Me detengo. No hay nada más emocionante o terrorífico que mirar una tormenta que se aproxima. El primer pensamiento que se me ocurre es ir a buscar cobijo, pero eso puede ser peligroso. El cobijo puede ser una especie de trampa, pues de aquí a poco tiempo el viento empezará a soplar, y puede que tenga fuerza suficiente como para arrancar tejados, derribar árboles, destruir cables de alta tensión.
Recuerdo un viejo amigo que de niño vivió en Normandía, y pudo presenciar el desembarco de las tropas aliadas en la Francia ocupada por los nazis.
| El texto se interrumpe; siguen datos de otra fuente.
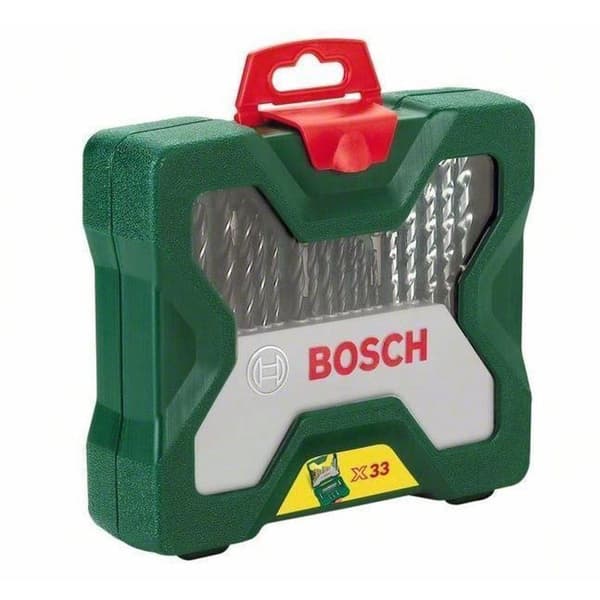 Bosch X-Line porasarja - 33 osaa - Puulle, metallille ja kivelle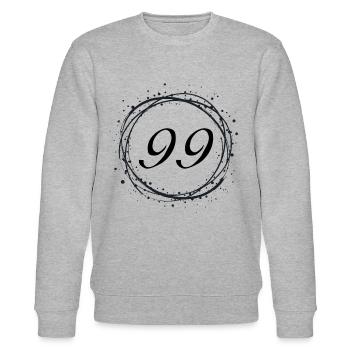 99 - Stanley/Stella Unisex Bio-Sweatshirt CHANGER  - Grau meliert - Vorne - Nik (191cm) & Marisol (170cm)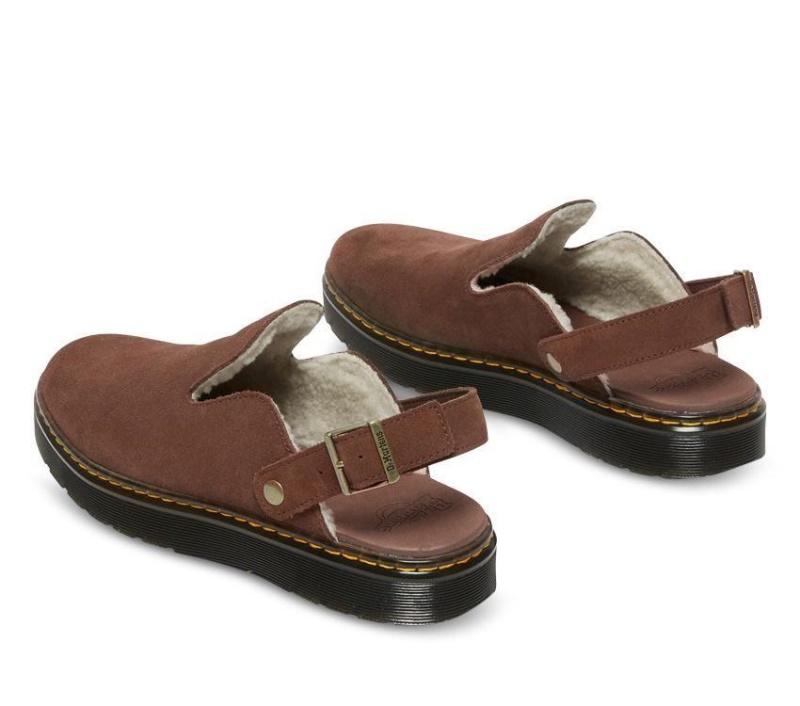 Dr.martens Botas Carlson Mule De Ante Marrón Oscuro E.h. Sherpa Ante-crema 8mm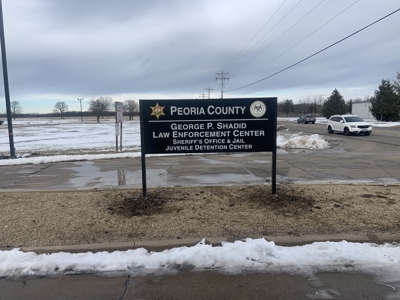 Exterior Signage for Peoria County Photo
No he olvidado sus palabras: “Me levanté, y el horizonte estaba lleno de barcos de guerra. En la playa al lado de mi casa, los soldados alemanes contemplaban la misma escena que yo. Pero lo que más me aterrorizaba era el silencio. Un silencio total, que precede a un combate a vida o muerte”.
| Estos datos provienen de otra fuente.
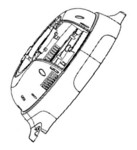 Couvercle sup�rieur blanc pour cuiseur �lectrique Moulinex Cookeo Infinity CE9828F0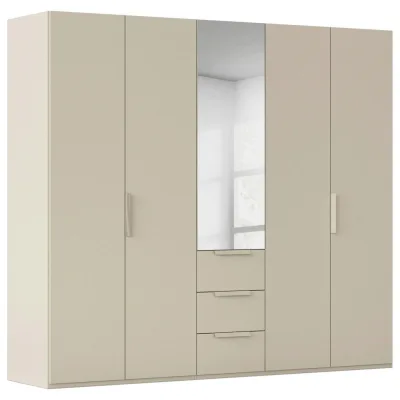 Novel Drehtürenschrank Champagner 251x223x61 cm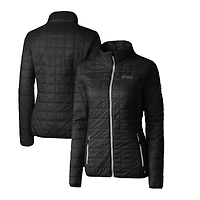 Women's Cutter & Buck Black Florida A&M Rattlers Rainier Eco Insulated Puffer Full-Zip Jacket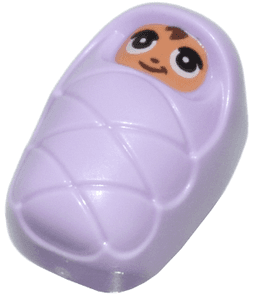 Baby / Infant - with Stud Holder on Back with Smiling Face, Large Eyes and Hair Pattern (Baby Jayson / Eman) (6469473)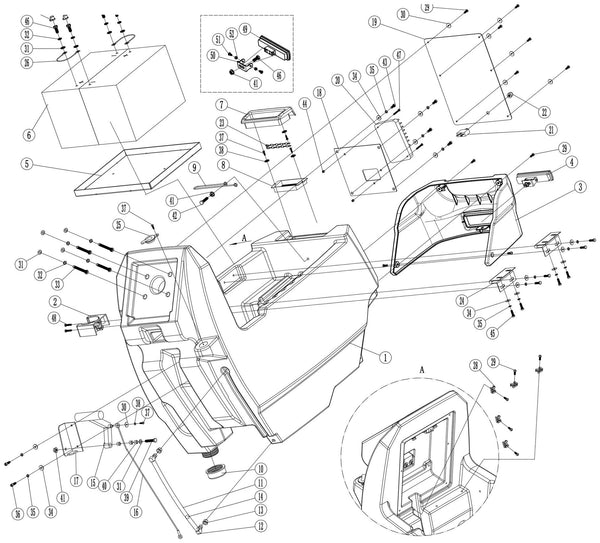IZY-530D-26 &mdash; Clean-Water Tank Assembly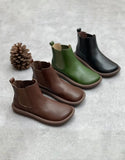 namcoverse Autumn Soft Leather Boots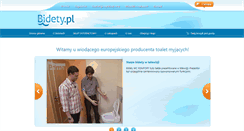 Desktop Screenshot of bidety.pl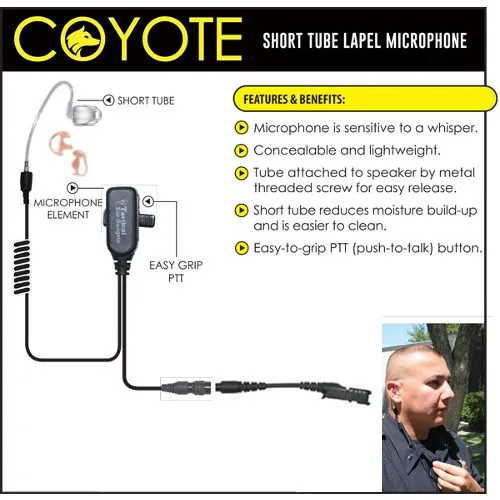 Выносной микрофон COYOTE Police Quick Release Earpiece для Motorola XPR3000, XPR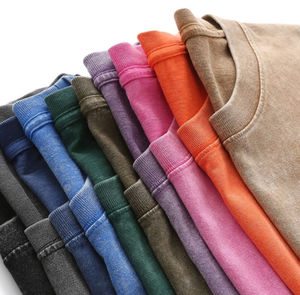 Toda la venta de camisetas lavadas vintage de algodón pesado de gran tamaño con diseño personalizado para hombre, camisetas lavadas, camiseta unisex para hombre - Product Image 2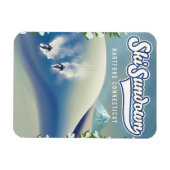 Magnet Flexible Affiche de ski Sundown Hartford Connecticut (Horizontal)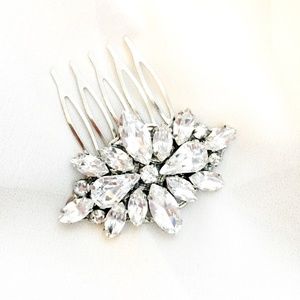 Swarovski Rhinestone Wedding Comb, Bridal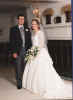 Ken and Nancy at their wedding reception at Wellesley Country Club, May 31, 1992.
Y ese mismo silencio es el que me rodea. Y poco a poco es sustituido por el murmullo, muy suave, de la brisa en los campos de maíz a mi alrededor. La presión atmosférica está cambiando. La tormenta está cada vez más cerca, y el silencio comienza a ser sustituido por el suave rumor de las hojas.
He presenciado muchas tormentas en mi vida. La mayor parte me pilló por sorpresa, por lo que tuve que aprender, y muy rápidamente, a mirar más lejos, a entender que no soy capaz de controlar el tiempo, a practicar el arte de la paciencia, y a respetar la furia de la naturaleza. Las cosas no siempre suceden como uno quiere, y más vale hacerse a la idea.
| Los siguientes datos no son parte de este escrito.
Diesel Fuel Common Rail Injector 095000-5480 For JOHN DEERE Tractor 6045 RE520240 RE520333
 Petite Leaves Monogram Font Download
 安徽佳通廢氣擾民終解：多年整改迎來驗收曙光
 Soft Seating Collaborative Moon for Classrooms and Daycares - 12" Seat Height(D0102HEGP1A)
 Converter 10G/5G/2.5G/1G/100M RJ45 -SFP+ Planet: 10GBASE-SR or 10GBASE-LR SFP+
Hace muchos años, compuse una canción que decía “perdí el miedo a la lluvia / pues la lluvia, al volver a la tierra, trae cosas del aire”. Es mejor dominar el miedo. Ser digno de aquello que escribí, y entender que, por muy malo que sea el vendaval, en algún momento pasará.
El viento ha aumentado de velocidad. Estoy en un campo abierto, hay árboles en el horizonte que, por lo menos en teoría, atraerán los rayos. Mi piel es impermeable, por muy empapada que tenga la ropa. Por lo tanto, más vale disfrutar de esta vista, en lugar de salir corriendo en busca de cobijo.
Pasa media hora. A mi abuelo, ingeniero, le gustaba enseñarme las leyes de la física mientras nos divertíamos: “después de ver el rayo, cuenta los segundos y multiplícalos por 340 metros, que es la velocidad del sonido. Así sabrás siempre a qué distancia suenan los truenos”. Un poco complicado, pero me acostumbré a hacerlo desde niño: en este momento, la tormenta se encuentra a dos kilómetros de distancia.
Aún hay suficiente claridad para que pueda ver el contorno de las nubes que los pilotos llaman CB, cumulonimbos, con su forma de yunque, como si un herrero estuviese martilleando los cielos, forjando espadas para dioses enfurecidos, que en este momento deben de estar sobre la ciudad de Tarbes.
Veo la tormenta que se aproxima. Como cualquier otra tormenta, trae consigo destrucción, pero al mismo tiempo moja los campos, y la sabiduría del cielo desciende junto con su lluvia. Como cualquier otra tormenta, pasará. Cuanto más violenta sea, más rápido lo hará.
Gracias a Dios, aprendí a enfrentarme a las tormentas.